## Task objective
Wherever a picture sits, omit it. Output the rest of the listing exactly.

## Information shown
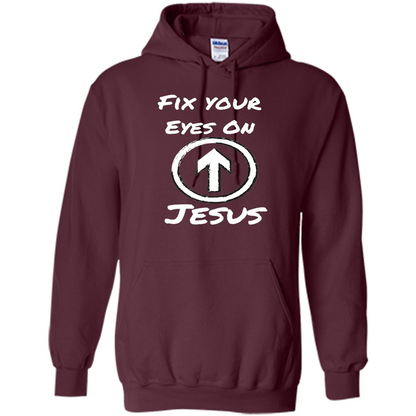Fix Your Eyes On Jesus T-shirt Faithful Christians Maroon
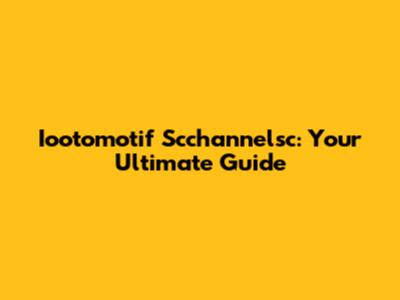 Iootomotif Scchannelsc: Your Ultimate Guide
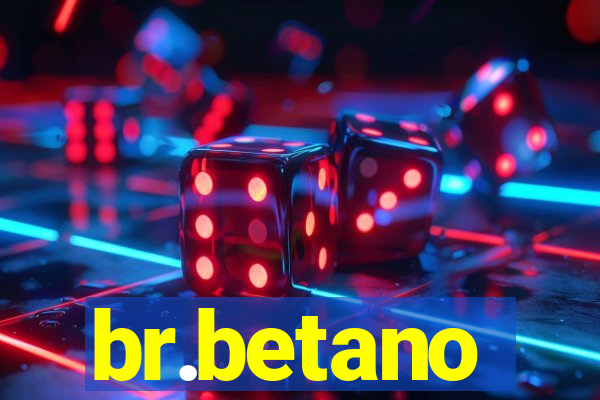 br.betano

## Your response
Fix Your Eyes On Jesus T-shirt Faithful Christians Maroon
 Iootomotif Scchannelsc: Your Ultimate Guide
 br.betano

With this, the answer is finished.